European integration has brought peace and prosperity to Europe and allowed for an unprecedented level and scope of cooperation on matters of common interest in a rapidly changing world. Therefore, the Union’s overall objective in these negotiations will be to preserve its interests, those of its Member States, its citizens and its businesses.
The United Kingdom’s decision to leave the Union creates significant uncertainties that have the potential to cause disruption, in particular in the UK but also in other Member States. Citizens who have built their lives on the basis of rights flowing from the British membership of the EU face the prospect of losing those rights. Businesses and other stakeholders will lose the predictability and certainty that come with EU law. With this in mind, we must proceed according to a phased approach giving priority to an orderly withdrawal.
In these negotiations the Union will act as one. It will be constructive throughout and will strive to find an agreement. This is in the best interest of both sides. The Union will work hard to achieve that outcome, but it will prepare itself to be able to handle the situation also if the negotiations were to fail.
These guidelines define the framework for negotiations under Article 50 TEU and set out the overall positions and principles that the Union will pursue throughout the negotiation. The European Council will remain permanently seized of the matter, and will update these guidelines in the course of the negotiations as necessary.
The European Council will continue to base itself on the principles set out in the statement of Heads of State or Government and of the Presidents of the European Council and the European Commission on 29 June 2016. It reiterates its wish to have the United Kingdom as a close partner in the future. It further reiterates that any agreement with the United Kingdom will have to be based on a balance of rights and obligations, and ensure a level-playing field. Preserving the integrity of the Single Market excludes participation based on a sector-by-sector approach. A non-member of the Union, that does not live up to the same obligations as a member, cannot have the same rights and enjoy the same benefits as a member. In this context, the European Council welcomes the recognition by the British Government that the four freedoms of the Single Market are indivisible and that there can be no "cherry picking".

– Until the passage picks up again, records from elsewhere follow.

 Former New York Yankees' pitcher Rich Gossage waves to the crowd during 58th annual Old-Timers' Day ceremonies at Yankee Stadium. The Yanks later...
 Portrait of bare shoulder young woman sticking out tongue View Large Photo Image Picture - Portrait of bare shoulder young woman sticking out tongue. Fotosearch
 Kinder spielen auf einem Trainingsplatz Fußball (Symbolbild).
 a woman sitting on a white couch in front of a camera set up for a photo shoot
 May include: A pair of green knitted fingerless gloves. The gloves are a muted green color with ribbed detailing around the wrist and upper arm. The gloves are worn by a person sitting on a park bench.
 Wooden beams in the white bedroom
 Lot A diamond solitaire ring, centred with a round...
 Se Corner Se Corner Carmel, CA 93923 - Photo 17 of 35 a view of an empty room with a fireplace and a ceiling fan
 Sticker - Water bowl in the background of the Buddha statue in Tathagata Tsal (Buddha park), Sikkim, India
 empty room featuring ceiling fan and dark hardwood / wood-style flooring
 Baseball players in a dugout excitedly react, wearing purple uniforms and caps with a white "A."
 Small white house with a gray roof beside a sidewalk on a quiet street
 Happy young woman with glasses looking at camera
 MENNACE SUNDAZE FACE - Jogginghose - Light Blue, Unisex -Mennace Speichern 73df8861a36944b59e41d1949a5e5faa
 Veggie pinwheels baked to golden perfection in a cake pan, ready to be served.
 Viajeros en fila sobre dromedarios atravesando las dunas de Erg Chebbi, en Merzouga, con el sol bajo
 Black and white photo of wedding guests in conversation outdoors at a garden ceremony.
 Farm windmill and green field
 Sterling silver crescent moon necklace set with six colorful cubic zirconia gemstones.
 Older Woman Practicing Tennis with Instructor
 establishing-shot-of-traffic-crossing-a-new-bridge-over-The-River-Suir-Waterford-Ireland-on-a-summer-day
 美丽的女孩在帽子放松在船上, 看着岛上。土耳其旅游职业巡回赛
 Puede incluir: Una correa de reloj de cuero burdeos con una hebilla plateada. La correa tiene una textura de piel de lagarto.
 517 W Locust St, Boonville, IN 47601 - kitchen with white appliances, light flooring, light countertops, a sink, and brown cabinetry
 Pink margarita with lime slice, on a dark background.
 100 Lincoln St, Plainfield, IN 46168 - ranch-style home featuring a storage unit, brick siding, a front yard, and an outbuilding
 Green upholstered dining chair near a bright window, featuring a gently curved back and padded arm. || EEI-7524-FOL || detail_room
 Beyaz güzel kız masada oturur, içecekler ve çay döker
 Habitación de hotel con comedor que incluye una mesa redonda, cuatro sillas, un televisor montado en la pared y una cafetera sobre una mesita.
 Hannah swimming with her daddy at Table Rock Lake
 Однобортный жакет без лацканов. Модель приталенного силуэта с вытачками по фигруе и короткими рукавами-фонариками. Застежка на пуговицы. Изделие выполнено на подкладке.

Negotiations under Article 50 TEU will be conducted as a single package. In accordance with the principle that nothing is agreed until everything is agreed, individual items cannot be settled separately. The Union will approach the negotiations with unified positions, and will engage with the United Kingdom exclusively through the channels set out in these guidelines and in the negotiating directives. So as not to undercut the position of the Union, there will be no separate negotiations between individual Member States and the United Kingdom on matters pertaining to the withdrawal of the United Kingdom from the Union.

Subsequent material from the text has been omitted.